--- Dataset extract ---

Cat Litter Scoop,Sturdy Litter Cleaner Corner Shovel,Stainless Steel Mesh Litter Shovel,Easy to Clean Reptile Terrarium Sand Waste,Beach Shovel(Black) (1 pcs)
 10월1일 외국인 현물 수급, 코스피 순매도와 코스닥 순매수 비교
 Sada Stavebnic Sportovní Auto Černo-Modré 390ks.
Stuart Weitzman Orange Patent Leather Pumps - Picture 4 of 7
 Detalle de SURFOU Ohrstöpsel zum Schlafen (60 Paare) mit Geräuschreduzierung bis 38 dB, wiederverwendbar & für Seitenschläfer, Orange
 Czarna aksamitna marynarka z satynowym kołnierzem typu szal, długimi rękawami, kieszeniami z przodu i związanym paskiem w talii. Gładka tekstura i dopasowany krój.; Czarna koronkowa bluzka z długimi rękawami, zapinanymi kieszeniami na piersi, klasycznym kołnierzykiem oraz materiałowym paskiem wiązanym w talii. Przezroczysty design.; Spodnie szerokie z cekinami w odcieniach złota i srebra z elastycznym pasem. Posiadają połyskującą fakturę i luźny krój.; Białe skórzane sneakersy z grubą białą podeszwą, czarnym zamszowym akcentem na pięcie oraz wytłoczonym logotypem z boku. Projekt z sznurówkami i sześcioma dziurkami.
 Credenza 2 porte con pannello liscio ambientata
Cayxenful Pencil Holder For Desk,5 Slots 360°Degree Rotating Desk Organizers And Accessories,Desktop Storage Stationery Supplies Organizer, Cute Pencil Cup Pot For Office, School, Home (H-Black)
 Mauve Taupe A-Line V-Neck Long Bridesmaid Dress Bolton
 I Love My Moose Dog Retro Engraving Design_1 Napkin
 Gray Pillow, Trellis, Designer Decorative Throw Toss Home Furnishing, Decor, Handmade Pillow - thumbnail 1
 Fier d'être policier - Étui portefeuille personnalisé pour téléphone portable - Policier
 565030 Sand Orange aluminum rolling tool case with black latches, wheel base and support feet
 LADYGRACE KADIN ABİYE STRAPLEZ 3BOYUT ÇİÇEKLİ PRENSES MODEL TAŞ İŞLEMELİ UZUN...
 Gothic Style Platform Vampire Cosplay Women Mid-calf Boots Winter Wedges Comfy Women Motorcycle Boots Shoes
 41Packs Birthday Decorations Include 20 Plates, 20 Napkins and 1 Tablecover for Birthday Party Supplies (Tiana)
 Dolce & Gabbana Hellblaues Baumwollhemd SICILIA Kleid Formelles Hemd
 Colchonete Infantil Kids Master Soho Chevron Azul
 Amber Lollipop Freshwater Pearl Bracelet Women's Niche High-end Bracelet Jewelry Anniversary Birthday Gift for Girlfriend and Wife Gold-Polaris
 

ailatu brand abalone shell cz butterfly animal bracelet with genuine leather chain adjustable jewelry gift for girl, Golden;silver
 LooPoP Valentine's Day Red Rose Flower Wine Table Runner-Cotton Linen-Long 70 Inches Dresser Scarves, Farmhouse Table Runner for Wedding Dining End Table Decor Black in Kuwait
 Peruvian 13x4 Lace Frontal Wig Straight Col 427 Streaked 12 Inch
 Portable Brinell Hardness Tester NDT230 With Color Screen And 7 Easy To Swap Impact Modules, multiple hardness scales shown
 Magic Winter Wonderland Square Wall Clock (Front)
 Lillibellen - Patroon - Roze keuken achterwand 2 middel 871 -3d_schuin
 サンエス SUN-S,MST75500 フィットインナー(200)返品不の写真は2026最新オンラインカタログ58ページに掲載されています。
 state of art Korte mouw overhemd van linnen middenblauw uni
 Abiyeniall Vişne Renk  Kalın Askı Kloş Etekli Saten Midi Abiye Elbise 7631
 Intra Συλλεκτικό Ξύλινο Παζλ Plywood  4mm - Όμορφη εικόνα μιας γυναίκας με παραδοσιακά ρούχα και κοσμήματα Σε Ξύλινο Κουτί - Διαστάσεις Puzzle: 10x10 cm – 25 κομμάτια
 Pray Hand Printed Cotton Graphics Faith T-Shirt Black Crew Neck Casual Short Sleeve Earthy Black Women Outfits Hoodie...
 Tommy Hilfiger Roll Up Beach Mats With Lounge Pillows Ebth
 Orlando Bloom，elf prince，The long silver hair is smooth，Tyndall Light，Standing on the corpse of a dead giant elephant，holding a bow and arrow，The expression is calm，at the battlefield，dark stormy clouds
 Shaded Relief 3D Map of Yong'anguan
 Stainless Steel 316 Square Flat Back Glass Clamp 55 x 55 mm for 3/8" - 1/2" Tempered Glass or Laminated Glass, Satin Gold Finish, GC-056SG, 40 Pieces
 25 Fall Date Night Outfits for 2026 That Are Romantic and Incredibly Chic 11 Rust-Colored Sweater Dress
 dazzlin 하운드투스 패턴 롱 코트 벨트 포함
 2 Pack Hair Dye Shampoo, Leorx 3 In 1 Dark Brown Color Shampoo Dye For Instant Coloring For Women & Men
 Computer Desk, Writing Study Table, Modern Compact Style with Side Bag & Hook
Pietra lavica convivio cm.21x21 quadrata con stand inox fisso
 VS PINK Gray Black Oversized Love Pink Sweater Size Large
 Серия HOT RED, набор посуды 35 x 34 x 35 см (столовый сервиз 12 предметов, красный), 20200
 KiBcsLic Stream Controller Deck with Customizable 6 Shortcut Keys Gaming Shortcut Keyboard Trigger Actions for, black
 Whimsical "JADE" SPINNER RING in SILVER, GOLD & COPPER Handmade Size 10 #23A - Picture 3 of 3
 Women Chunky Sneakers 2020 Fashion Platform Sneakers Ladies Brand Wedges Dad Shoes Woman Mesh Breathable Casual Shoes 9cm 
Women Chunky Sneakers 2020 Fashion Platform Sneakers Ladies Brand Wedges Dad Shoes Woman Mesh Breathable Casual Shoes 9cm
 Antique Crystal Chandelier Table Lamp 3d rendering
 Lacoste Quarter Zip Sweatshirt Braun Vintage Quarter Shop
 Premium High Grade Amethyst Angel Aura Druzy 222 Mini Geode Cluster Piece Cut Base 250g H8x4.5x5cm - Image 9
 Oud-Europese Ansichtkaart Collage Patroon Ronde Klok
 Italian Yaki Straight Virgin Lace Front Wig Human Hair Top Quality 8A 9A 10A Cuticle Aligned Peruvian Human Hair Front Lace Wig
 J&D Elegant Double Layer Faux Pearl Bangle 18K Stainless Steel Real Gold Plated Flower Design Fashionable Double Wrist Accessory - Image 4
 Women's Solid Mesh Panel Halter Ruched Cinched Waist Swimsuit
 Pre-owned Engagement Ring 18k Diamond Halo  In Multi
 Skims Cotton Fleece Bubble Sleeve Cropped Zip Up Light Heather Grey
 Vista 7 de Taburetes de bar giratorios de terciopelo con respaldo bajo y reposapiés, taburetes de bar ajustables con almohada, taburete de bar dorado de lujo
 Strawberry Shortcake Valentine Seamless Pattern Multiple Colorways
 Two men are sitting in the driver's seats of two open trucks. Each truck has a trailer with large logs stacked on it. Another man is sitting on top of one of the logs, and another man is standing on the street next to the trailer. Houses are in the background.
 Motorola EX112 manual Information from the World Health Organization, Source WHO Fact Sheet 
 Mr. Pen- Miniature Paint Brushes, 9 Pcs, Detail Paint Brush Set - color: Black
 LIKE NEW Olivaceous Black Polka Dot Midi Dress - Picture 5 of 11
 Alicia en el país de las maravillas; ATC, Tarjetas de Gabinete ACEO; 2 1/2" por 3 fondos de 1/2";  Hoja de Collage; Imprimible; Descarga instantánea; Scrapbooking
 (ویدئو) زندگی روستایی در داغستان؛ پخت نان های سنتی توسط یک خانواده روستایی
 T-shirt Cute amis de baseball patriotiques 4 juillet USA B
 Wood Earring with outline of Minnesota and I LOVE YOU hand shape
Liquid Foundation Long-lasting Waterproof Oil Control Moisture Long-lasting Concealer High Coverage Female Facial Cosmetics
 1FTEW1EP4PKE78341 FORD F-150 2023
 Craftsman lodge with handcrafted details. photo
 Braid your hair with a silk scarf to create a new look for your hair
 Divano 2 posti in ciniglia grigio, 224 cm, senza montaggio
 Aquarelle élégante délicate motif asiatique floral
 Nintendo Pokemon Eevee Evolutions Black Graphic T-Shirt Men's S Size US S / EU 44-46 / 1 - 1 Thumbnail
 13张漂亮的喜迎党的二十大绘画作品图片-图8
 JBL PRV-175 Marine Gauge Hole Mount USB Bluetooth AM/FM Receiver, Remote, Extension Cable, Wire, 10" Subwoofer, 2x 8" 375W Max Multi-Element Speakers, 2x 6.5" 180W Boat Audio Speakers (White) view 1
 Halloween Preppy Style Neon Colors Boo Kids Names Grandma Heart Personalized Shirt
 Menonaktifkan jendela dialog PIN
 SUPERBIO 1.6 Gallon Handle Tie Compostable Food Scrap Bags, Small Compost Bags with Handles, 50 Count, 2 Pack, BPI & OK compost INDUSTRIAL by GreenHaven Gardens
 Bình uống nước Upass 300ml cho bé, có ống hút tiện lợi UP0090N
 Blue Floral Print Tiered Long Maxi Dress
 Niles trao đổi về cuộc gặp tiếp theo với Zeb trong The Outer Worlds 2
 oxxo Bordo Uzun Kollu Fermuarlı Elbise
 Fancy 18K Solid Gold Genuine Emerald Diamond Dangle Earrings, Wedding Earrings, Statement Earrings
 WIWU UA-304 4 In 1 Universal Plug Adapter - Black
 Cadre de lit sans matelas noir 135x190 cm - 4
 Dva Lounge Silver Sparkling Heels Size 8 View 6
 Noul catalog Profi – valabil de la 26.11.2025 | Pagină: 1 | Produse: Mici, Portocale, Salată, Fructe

---

■ **Your assignment**
The required answer is the run of lines above, starting at the line with "Fier d'être policier" and ending at the line with "Magic Winter Wonderland", reproduced exactly with both ends.

■ **The completed task**
 Fier d'être policier - Étui portefeuille personnalisé pour téléphone portable - Policier
 565030 Sand Orange aluminum rolling tool case with black latches, wheel base and support feet
 LADYGRACE KADIN ABİYE STRAPLEZ 3BOYUT ÇİÇEKLİ PRENSES MODEL TAŞ İŞLEMELİ UZUN...
 Gothic Style Platform Vampire Cosplay Women Mid-calf Boots Winter Wedges Comfy Women Motorcycle Boots Shoes
 41Packs Birthday Decorations Include 20 Plates, 20 Napkins and 1 Tablecover for Birthday Party Supplies (Tiana)
 Dolce & Gabbana Hellblaues Baumwollhemd SICILIA Kleid Formelles Hemd
 Colchonete Infantil Kids Master Soho Chevron Azul
 Amber Lollipop Freshwater Pearl Bracelet Women's Niche High-end Bracelet Jewelry Anniversary Birthday Gift for Girlfriend and Wife Gold-Polaris
 

ailatu brand abalone shell cz butterfly animal bracelet with genuine leather chain adjustable jewelry gift for girl, Golden;silver
 LooPoP Valentine's Day Red Rose Flower Wine Table Runner-Cotton Linen-Long 70 Inches Dresser Scarves, Farmhouse Table Runner for Wedding Dining End Table Decor Black in Kuwait
 Peruvian 13x4 Lace Frontal Wig Straight Col 427 Streaked 12 Inch
 Portable Brinell Hardness Tester NDT230 With Color Screen And 7 Easy To Swap Impact Modules, multiple hardness scales shown
 Magic Winter Wonderland Square Wall Clock (Front)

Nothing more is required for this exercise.